- **WHAT TO DO**
Every line with the word "want" in it should be extracted from the data that follows.

- **SUPPLIED RECORDS**
☆ ☆ ☆ ☆
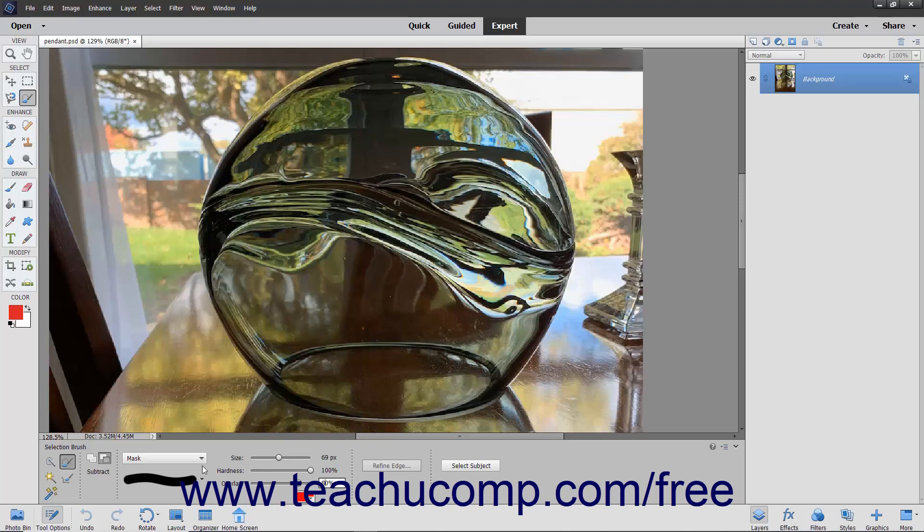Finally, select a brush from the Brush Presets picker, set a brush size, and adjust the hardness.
☆ ☆ ☆ ☆
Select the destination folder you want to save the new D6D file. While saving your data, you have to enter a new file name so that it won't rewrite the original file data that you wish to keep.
☆ ☆ ☆ ☆
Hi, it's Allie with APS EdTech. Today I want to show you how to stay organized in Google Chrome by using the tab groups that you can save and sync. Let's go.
☆ ☆ ☆ ☆
- **ANSWER TO THIS TASK**
Select the destination folder you want to save the new D6D file. While saving your data, you have to enter a new file name so that it won't rewrite the original file data that you wish to keep.
Hi, it's Allie with APS EdTech. Today I want to show you how to stay organized in Google Chrome by using the tab groups that you can save and sync. Let's go.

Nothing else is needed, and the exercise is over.